Ia menegaskan bahwa upaya perlindungan tidak bisa hanya mengandalkan kebijakan pusat, melainkan harus dimulai dari sistem yang kuat di tingkat daerah.
Menurut Arifah, banyak kasus kekerasan yang sebenarnya bisa dicegah bila daerah memiliki mekanisme perlindungan yang solid dan terintegrasi.
Pemerintah daerah, kata dia, berperan strategis dalam memastikan setiap laporan kekerasan ditangani dengan cepat dan tepat.
“Ada tiga fokus utama untuk memperkuat sistem perlindungan perempuan dan anak, yaitu pencegahan kekerasan, peningkatan kualitas layanan, dan percepatan kolaborasi lintas sektor yang lebih terpadu. Kebijakan yang berpihak pada perempuan dan anak tidak cukup hanya di atas kertas,” ujar Menteri Arifah dalam keterangannya, Selasa (11/11/2025).
Dalam paparannya, Arifah mengungkapkan bahwa Provinsi Sumatra Utara menjadi salah satu wilayah dengan angka kekerasan yang cukup tinggi.

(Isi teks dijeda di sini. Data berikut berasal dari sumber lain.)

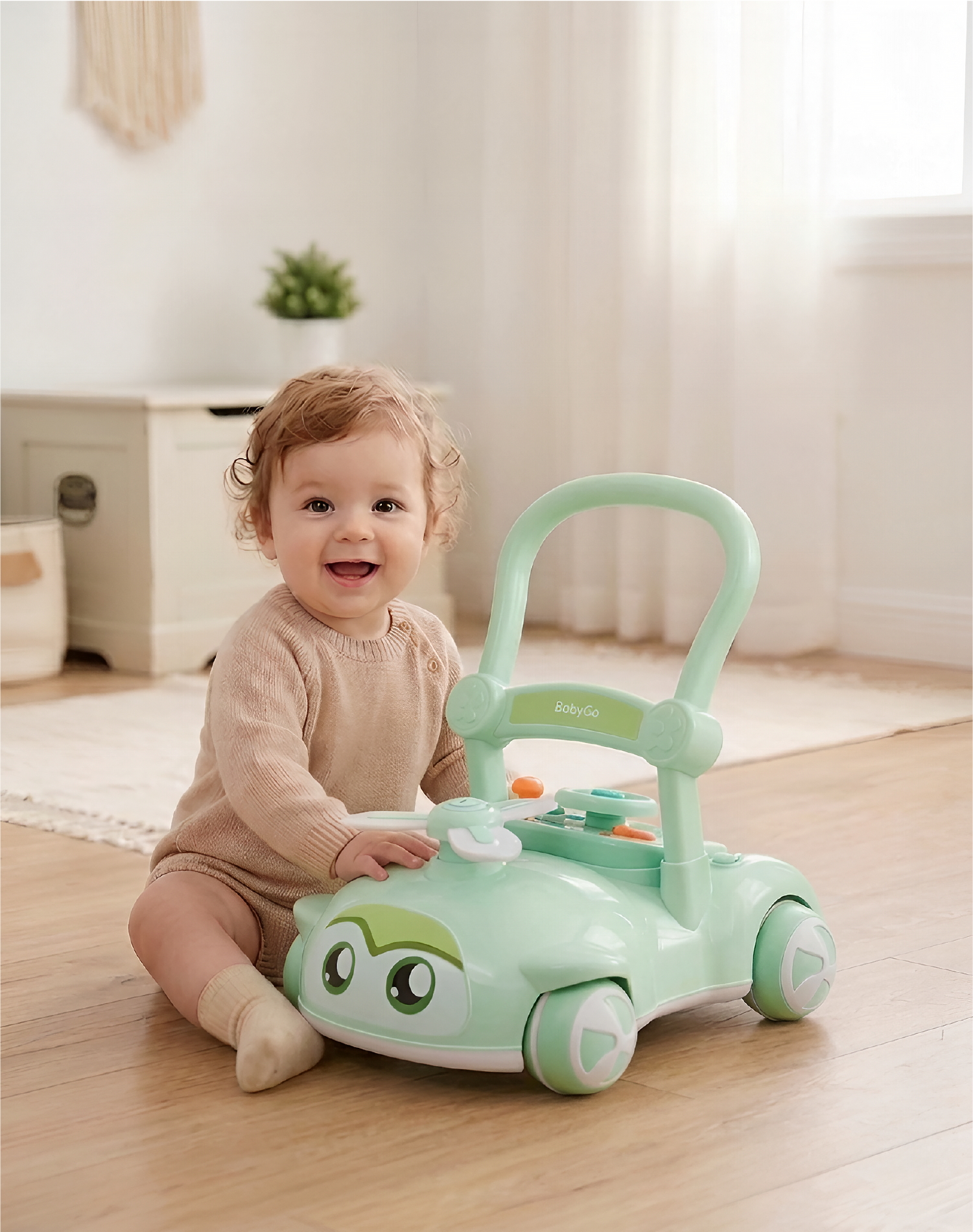 Каталка BabyGo вертолет зеленый - фото 4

Berdasarkan data Sistem Informasi Online Perlindungan Perempuan dan Anak (Simfoni PPA), sepanjang 1 Januari hingga 4 November 2025 tercatat 1.363 kasus kekerasan di provinsi tersebut.
Ia menilai, meski angka ini menunjukkan jumlah kasus yang signifikan, hal itu juga dapat menjadi indikator meningkatnya kesadaran masyarakat untuk melapor.

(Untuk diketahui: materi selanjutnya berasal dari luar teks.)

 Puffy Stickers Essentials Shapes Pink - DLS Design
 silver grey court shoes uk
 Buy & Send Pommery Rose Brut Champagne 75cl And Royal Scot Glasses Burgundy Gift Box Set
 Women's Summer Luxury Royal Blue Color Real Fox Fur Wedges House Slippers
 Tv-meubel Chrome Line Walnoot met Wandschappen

“Peningkatan angka ini mencerminkan bahwa korban mulai berani mencari bantuan, dan layanan perlindungan di daerah semakin mudah diakses,” jelasnya.
Arifah menambahkan, setiap laporan yang masuk menjadi dasar penting bagi pemerintah untuk memperbaiki sistem perlindungan, terutama dalam hal pendampingan psikologis, hukum, hingga pemulihan sosial bagi korban.
Wakil Gubernur Sumatra Utara, Surya, menegaskan bahwa isu perempuan dan anak merupakan bagian dari 17 prioritas pembangunan daerah.
Hal tersebut telah diatur dalam Rencana Pembangunan Jangka Menengah Daerah (RPJMD) 2025–2029.
“Korban kekerasan di Sumatra Utara, 72 persennya adalah perempuan dan 22 persen laki-laki. Ini menjadi perhatian serius kami. Karena itu, kami terus memperkuat perlindungan melalui berbagai regulasi seperti Perda Perlindungan Anak (2014), Perda Perlindungan Perempuan dan Anak dari Tindak Kekerasan (2019), serta Perda Pengarusutamaan Gender (2023),” jelas Surya.
Menurutnya, sinergi antara pemerintah provinsi, kabupaten/kota, dan masyarakat menjadi kunci utama dalam menekan angka kekerasan.
Program edukasi, pelibatan tokoh masyarakat, serta peningkatan kapasitas lembaga layanan menjadi fokus kerja pemerintah daerah ke depan.
Menteri Arifah menilai, kolaborasi lintas sektor perlu diperkuat agar sistem perlindungan tidak berjalan sendiri-sendiri.
Ia berharap semua elemen—mulai dari pemerintah daerah, lembaga pendidikan, organisasi masyarakat, hingga media—dapat menjadi bagian dari rantai perlindungan bagi perempuan dan anak.
“Ketika semua pihak terlibat, kita tidak hanya bicara tentang reaksi terhadap kekerasan, tapi juga tentang pencegahannya,” ujarnya.